Railway Minister Shares Video Highlighting Features Of Bullet Train: ”Presenting Future Of India”


Railway Minister Shares Video Highlighting Features Of Bullet Train: ''Future Of India''

The Railways will run 35 bullet trains when it starts operations

Union Railways Minister Ashwini Vaishnaw often shares fascinating pictures of railway stations across India and keeps followers up to date with the developments happening in the railways. On Monday, he took to X to share a spectacular video of the Mumbai-Ahmedabad train corridor also known as ‘Bullet train.’ The video highlights some of the amazing, state-of-the-art features of the ambitious train project.

Covering a distance of 508 km between Mumbai and Ahmedabad, the bullet train is expected to achieve a maximum speed of 320 km per hour, reducing travel time to just 2 hours. 24 river bridges and 28 steel bridges are being erected for the bullet train route. 

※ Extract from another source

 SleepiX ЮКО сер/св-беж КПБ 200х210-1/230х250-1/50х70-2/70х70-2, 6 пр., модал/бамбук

The video describes the project as, ”a marvel of world-class engineering” and the ”future of India.” Sharing the video, Mr Vaishnaw wrote, ”We weave reality not dreams. Stay tuned for Bullet train in Modi 3.0!”

Watch the video here:

The Mumbai-Ahmedabad corridor has been making steady progress since work began in November 2021. Last year, the Railway minister announced that the first bullet train section in India – a 50km stretch between Bilimora and Surat in Gujarat – will be completed in August 2026.

The Railways will run 35 bullet trains when it starts operations, with about 70 trips per day. It plans to increase the number to 105 trains by 2050. Around 1.6 crore people are expected to travel by train every year when operations begin.

Reacting to the video, one user wrote, ”We are eagerly waiting for this sir.” Another commented, ”Looking forward to witnessing this transformative journey unfold.”

Notably, the projected cost is an estimated ₹ 1.08 lakh crore, of which the Centre is committed to providing ₹ 10,000 crores, while Gujarat and Maharashtra will contribute ₹ 5,000 crores each. The remaining funding will be secured through a loan from Japan – at a minimal 0.1 percent interest rate.